Hoist on their own petard 

Conservatives are having a very hard time justifying free trade these days, not because it cannot be justified, but because the toolkit of conservative economic arguments lacks the right tools for the job. It is fairly easy to convince yourself that free trade increases the amount of good and services produced, the simplest measure of aggregate material wealth (and let's for the moment assume that's what we care about; it will capture the jobs debate, if not the environmental, cultural, or defense sides of the trade debate). Economists all do this using a 19th century theory that still makes sense. But any reasonable version of this theory suggests that there will usually be (in each country) both winners and losers from trade---it's just that the winnings outweigh the losses (in each country).
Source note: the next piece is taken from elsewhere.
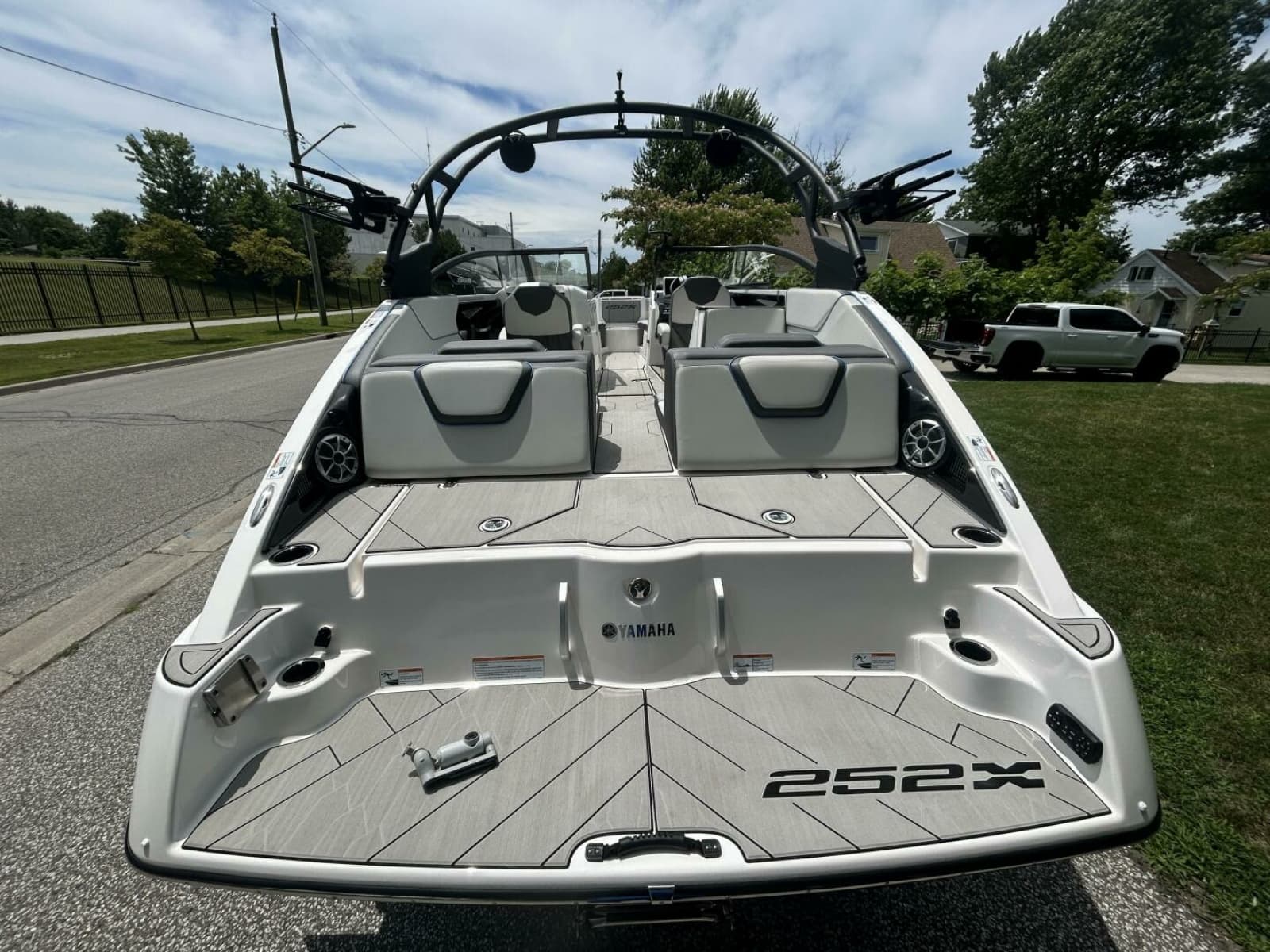 2021 Yamaha Boats 252 XE (Wake Edition) - Photo 14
A conservative must despair at this. They want to support a policy that increases average welfare, but how to sell it to the losers? They can muster only vague promises that "innovation" will somehow make everyone a winner, or that the solution is yet more "flexibility" (even though it is flexibility in markets that allows losers to lose). Hence the pathetic rhetorical efforts by the Bush administration to repair the damage from CEA chair Mankiw's support of outsourcing.

A liberal free trader, though, sees the solution in government. Simply skim off some of the winnings, and use them to compensate the losers. Then everyone ends up at least as well-off materially. This is hardly news, and many argue that this sort of compensation scheme to deal with the side-effects of trade underlies the large European welfare states. And it is true that most European countries maintain much higher levels of international trade than the US, without falling into chaos over the issue of trade and jobs.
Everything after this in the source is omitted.